> [YOUR ASSIGNMENT]: When you reach the line with "Silver needle resin" in the listing below, transcribe it and each line after it up to and including the line with "(Photo by Maynard Manyowa/News Images)", exactly and with nothing else.

^^^^^^^^^^^^^^^^

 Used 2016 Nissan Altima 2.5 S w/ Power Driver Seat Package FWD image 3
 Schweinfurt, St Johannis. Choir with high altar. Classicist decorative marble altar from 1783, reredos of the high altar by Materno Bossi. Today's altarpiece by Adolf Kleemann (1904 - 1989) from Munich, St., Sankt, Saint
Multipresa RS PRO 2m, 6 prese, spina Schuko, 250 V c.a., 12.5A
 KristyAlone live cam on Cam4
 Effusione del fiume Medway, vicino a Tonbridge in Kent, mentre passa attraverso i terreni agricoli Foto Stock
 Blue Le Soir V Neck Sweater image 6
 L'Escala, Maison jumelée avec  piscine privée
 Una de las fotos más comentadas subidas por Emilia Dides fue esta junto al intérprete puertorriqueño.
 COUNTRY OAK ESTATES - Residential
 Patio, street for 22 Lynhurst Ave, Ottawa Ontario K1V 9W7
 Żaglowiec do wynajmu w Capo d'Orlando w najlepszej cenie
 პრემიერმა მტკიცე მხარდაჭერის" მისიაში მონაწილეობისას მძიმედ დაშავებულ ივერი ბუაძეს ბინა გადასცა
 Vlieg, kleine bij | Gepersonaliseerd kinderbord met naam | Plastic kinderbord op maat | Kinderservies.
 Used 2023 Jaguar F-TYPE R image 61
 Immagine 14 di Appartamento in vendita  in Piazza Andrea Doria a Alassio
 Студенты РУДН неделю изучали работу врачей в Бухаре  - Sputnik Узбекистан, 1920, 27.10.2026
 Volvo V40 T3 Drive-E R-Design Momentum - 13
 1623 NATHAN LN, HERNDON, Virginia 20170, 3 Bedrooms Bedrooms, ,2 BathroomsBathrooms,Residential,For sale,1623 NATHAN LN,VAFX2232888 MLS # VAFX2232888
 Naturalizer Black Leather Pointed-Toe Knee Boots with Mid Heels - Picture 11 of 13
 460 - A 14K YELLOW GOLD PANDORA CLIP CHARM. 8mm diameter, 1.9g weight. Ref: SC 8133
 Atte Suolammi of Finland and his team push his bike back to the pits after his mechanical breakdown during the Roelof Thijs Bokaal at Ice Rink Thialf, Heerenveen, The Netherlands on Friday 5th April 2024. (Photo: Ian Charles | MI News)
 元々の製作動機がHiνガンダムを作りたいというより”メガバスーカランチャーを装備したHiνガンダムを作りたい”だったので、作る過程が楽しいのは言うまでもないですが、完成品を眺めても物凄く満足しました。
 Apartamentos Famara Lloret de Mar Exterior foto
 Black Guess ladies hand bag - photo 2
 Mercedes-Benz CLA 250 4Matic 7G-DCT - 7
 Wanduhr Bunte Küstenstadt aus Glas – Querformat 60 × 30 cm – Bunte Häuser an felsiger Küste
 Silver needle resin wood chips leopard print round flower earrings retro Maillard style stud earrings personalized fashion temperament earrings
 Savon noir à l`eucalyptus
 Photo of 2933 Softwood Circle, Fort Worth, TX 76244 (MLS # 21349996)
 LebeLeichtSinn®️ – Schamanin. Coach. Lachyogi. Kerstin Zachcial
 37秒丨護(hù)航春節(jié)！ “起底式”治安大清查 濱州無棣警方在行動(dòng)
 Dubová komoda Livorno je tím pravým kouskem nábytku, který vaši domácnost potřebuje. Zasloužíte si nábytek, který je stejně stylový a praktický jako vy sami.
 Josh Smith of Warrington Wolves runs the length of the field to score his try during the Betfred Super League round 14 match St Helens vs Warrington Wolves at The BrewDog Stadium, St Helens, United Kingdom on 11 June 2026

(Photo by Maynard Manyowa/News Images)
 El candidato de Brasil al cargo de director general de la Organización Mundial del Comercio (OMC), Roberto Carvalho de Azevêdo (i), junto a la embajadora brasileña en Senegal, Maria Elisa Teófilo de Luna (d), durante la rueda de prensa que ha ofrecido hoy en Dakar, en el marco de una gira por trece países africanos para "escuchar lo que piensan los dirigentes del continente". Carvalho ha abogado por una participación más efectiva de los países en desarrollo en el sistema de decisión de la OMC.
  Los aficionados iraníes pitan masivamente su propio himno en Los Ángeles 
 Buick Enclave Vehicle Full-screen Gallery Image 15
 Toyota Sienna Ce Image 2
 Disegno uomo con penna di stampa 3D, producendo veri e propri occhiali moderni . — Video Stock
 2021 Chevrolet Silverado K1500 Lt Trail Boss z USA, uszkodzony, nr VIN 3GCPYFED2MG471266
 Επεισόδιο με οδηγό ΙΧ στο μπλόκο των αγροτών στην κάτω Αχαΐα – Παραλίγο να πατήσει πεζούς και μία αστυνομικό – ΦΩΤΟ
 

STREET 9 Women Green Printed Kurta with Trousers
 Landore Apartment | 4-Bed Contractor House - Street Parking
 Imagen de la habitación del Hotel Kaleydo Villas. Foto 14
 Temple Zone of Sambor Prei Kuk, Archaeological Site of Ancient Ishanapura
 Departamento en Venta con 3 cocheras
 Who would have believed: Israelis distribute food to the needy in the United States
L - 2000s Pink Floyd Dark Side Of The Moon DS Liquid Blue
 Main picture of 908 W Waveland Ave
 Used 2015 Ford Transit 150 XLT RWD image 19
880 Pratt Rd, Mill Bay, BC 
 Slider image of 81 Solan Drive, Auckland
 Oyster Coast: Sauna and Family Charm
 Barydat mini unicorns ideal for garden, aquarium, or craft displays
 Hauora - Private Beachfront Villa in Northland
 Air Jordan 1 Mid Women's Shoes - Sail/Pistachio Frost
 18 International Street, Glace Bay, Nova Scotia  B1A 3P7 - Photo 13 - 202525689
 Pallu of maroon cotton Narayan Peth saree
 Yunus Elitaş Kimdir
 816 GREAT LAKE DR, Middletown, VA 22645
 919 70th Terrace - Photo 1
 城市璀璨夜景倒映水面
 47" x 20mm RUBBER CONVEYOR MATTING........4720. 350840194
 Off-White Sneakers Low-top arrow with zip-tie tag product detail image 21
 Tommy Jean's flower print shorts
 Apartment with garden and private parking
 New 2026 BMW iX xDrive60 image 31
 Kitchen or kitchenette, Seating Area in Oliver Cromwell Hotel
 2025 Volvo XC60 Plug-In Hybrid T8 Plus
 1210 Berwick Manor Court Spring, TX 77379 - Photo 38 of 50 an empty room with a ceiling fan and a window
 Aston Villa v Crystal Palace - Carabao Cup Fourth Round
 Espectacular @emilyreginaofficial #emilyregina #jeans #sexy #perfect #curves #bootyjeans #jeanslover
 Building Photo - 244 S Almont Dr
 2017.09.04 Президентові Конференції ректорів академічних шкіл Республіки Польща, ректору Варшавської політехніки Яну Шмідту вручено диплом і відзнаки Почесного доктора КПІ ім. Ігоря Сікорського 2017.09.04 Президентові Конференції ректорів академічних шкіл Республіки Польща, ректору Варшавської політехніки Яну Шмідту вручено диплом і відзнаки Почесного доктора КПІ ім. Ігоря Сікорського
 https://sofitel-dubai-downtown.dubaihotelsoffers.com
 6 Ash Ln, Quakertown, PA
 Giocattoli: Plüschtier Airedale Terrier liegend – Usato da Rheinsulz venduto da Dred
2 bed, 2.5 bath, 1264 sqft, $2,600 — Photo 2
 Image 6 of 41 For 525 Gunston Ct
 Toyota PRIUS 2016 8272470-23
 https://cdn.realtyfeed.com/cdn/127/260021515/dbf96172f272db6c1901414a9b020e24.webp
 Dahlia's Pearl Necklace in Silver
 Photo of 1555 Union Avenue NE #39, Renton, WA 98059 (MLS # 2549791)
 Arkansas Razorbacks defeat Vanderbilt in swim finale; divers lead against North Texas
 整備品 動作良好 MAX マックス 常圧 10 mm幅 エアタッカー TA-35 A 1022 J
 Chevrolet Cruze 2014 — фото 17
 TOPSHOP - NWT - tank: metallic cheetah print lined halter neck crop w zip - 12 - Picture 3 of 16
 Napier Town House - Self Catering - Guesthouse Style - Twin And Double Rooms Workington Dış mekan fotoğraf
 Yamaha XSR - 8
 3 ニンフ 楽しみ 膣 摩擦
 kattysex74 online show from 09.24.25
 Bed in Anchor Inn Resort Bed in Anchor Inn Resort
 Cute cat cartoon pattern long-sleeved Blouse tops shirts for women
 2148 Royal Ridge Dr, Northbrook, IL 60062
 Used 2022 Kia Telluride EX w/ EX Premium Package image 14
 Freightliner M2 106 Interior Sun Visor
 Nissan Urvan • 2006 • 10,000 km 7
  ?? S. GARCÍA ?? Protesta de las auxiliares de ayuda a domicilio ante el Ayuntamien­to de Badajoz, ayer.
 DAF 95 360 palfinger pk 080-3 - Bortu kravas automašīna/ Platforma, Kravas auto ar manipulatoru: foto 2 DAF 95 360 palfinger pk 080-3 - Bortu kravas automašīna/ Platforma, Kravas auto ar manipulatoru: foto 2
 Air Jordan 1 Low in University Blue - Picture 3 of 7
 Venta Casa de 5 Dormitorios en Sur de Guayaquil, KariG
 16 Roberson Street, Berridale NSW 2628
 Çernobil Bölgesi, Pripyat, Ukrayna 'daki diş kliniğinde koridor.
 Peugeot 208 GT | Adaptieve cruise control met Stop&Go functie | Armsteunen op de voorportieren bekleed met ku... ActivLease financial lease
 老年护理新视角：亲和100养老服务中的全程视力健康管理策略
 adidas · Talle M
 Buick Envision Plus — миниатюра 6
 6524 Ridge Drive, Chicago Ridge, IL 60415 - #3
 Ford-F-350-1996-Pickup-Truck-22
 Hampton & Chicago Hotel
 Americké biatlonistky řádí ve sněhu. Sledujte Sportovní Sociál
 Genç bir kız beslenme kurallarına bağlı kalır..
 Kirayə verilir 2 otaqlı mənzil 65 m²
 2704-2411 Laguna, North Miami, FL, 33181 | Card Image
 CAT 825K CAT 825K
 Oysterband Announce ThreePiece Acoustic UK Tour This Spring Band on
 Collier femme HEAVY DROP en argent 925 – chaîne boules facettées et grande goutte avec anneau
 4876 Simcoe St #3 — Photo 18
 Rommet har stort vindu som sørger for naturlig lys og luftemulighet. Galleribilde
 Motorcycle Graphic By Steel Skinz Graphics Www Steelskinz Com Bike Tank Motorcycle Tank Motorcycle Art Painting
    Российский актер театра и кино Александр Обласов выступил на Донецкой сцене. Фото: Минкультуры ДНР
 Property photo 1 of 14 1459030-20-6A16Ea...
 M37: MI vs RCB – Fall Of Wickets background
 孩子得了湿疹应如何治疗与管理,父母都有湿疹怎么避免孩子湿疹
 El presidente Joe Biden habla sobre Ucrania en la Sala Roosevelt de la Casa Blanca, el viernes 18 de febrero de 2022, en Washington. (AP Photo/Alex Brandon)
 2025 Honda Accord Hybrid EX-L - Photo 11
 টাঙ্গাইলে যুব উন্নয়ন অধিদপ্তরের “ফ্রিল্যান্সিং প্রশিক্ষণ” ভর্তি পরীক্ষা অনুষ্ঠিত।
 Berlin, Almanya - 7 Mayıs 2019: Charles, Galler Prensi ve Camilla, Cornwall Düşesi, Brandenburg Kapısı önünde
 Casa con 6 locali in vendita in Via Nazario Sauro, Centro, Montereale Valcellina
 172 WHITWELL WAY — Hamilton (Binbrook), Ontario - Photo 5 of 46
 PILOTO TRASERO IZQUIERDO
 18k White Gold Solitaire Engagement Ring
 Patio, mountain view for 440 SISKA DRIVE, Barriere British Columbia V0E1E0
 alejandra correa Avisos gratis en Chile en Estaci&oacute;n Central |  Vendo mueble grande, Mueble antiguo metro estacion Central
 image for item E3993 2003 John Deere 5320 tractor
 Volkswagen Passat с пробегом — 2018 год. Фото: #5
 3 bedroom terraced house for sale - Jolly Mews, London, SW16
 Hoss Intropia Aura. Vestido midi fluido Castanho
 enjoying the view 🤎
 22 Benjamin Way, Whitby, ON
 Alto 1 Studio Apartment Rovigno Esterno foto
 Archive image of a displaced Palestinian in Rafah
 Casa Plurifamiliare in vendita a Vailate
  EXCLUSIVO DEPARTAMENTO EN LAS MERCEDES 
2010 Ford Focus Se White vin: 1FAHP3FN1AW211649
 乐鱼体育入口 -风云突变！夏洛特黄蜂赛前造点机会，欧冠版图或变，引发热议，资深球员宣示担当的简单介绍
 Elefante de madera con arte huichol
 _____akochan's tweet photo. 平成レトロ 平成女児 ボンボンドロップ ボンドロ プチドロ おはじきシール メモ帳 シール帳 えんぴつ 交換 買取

^^^^^^^^^^^^^^^^

> [RESPONSE]:
 Silver needle resin wood chips leopard print round flower earrings retro Maillard style stud earrings personalized fashion temperament earrings
 Savon noir à l`eucalyptus
 Photo of 2933 Softwood Circle, Fort Worth, TX 76244 (MLS # 21349996)
 LebeLeichtSinn®️ – Schamanin. Coach. Lachyogi. Kerstin Zachcial
 37秒丨護(hù)航春節(jié)！ “起底式”治安大清查 濱州無棣警方在行動(dòng)
 Dubová komoda Livorno je tím pravým kouskem nábytku, který vaši domácnost potřebuje. Zasloužíte si nábytek, který je stejně stylový a praktický jako vy sami.
 Josh Smith of Warrington Wolves runs the length of the field to score his try during the Betfred Super League round 14 match St Helens vs Warrington Wolves at The BrewDog Stadium, St Helens, United Kingdom on 11 June 2026

(Photo by Maynard Manyowa/News Images)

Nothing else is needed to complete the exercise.